WORK INSTRUCTION - Give an exact copy of the data that follows, but none of its pictures.

DATA SHOWN -
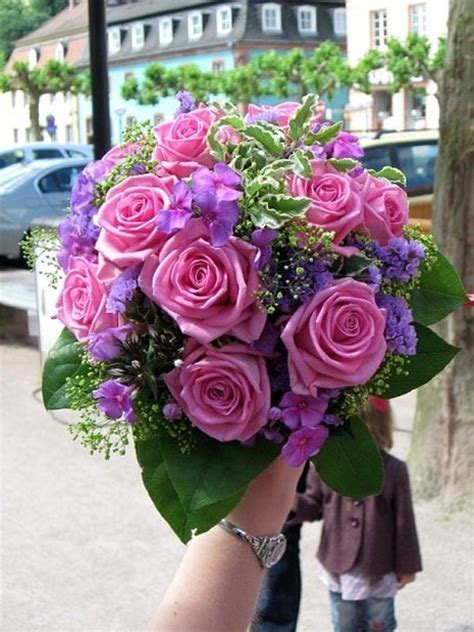 Everyone loves a bouquet of flowers. First Florist Meeting - inspiration please - wedding ...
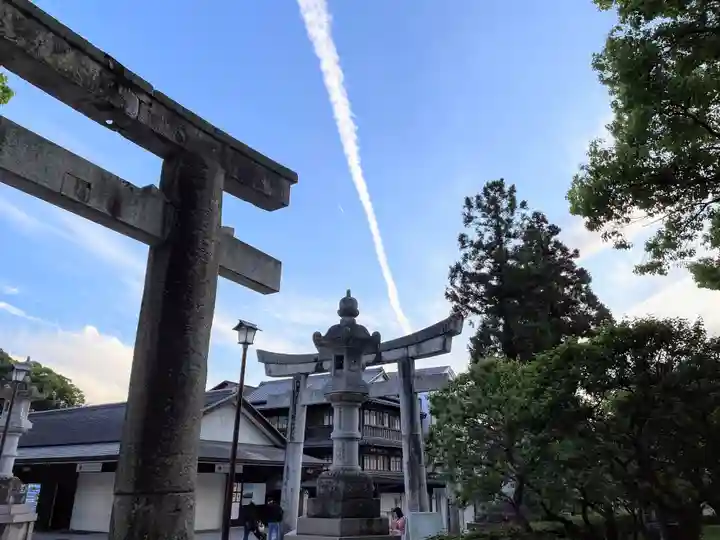 天開稲荷社の周辺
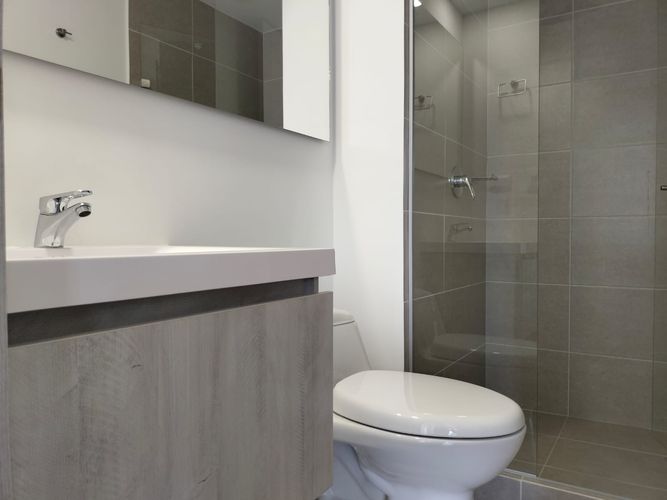 Apartamento de 2 alcobas en arriendo en El Poblado, Medellín, 63 m² · foto 16 de 17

THE COMPLETED TASK -
 Everyone loves a bouquet of flowers. First Florist Meeting - inspiration please - wedding ...
 天開稲荷社の周辺
 Apartamento de 2 alcobas en arriendo en El Poblado, Medellín, 63 m² · foto 16 de 17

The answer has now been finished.